Le ossessioni di Paul Auster avvinghiano lentamente. I suoi fantasmi sono parole e cose sempre troppo slegate o troppo legate a scarni significati, maschere, specchi, percorsi oscuri, gorghi mentali, vane strategie di ricerca di un'identità che gioca irrimediabilmente a rimpiattino, luoghi apparentemente familiari che diventano labirinti in cui smarrirsi prima di rendersi conto di aver percorso un solo passo. Palazzi, strade, vicoli, muri, finestre, porte, si chiudono in trappole mortali. L'immobilità si tramuta silenziosamente in una spirale senza uscita. Batte sempre il rintocco sordo e pesante della letteratura, l'ombra persecutoria ma anche irrinunciabile di poeti e scrittori, Milton, Melville in
Città di vetro, Walt Whitman, Henry David Thoreau in
Fantasmi. I protagonisti qui sono molte cose e nessuna, sono anche ombre di scrittori. La solitudine è così profonda da non rappresentare un ostacolo o una sofferenza, semplicemente i rapporti umani o familiari sono impossibili, crudeli o fallimentari. Non so ancora dove e attraverso quali ribaltamenti repentini di situazioni sul filo della follia si cercherà Auster ne
La stanza chiusa. Di certo il titolo anticipa eloquentemente quanto dovrò attraversare ancora di claustrofobico.

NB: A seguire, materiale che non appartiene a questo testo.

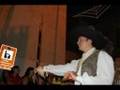 videos de S. Rocco Valenzano 08-parte1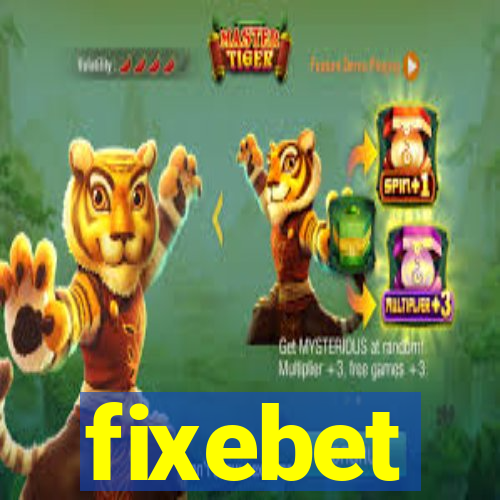 fixebet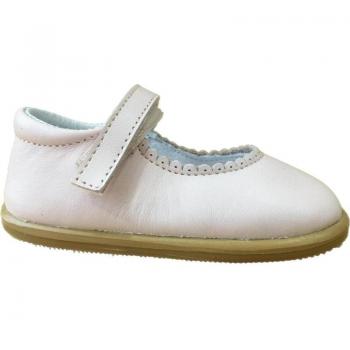 Crisp Comfort Críos Rosa Shoes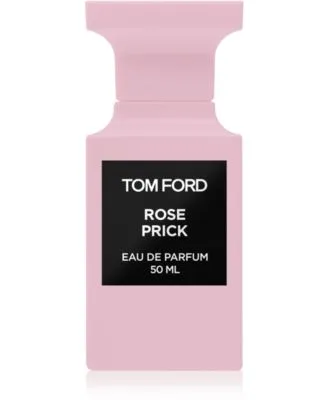 Tom Ford Rose Prick Eau De Parfum Fragrance Collection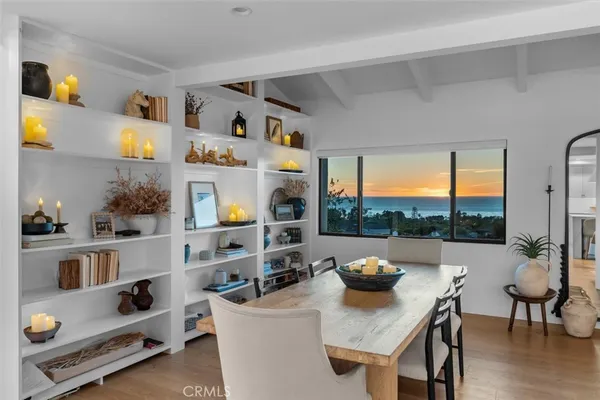 $3,999,888 | 1016 Vía Romero, Palos Verdes Estates, CA 90274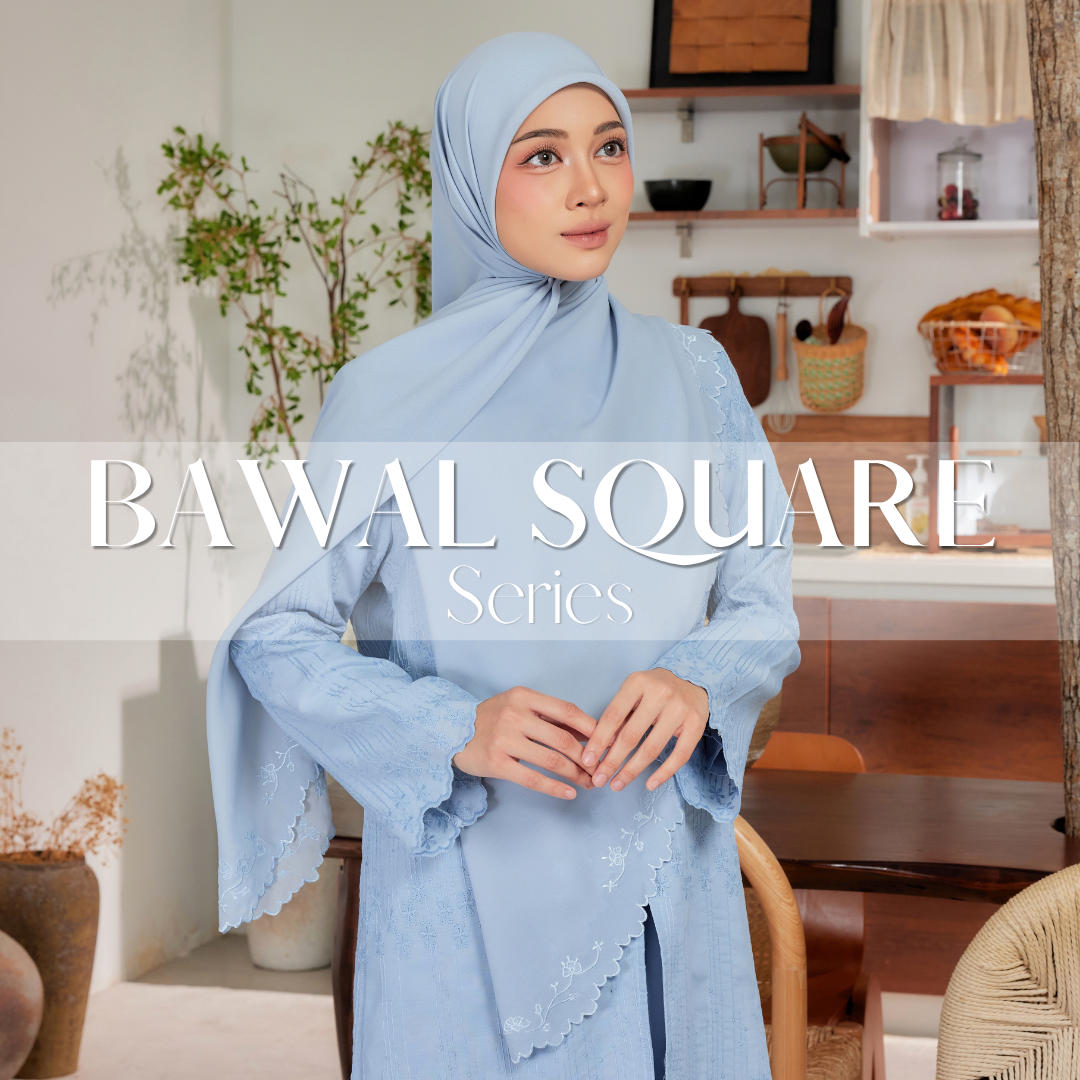SHAWLFORYOU |  -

"E poi più importante di tutto: ricordare chi sono. Ricordare chi dovrei essere. Non credo che questo sia un gioco. D'altra parte, non c'è niente di chiaro. Per esempio: tu chi sei? E se pensi di saperlo, perché continui a mentire? Non ho risposta. Non posso dire altro che questo: ascoltami. Mi chiamo Paul Auster. Non è il mio vero nome."Paul Auster, Trilogia di New York, Città di vetro.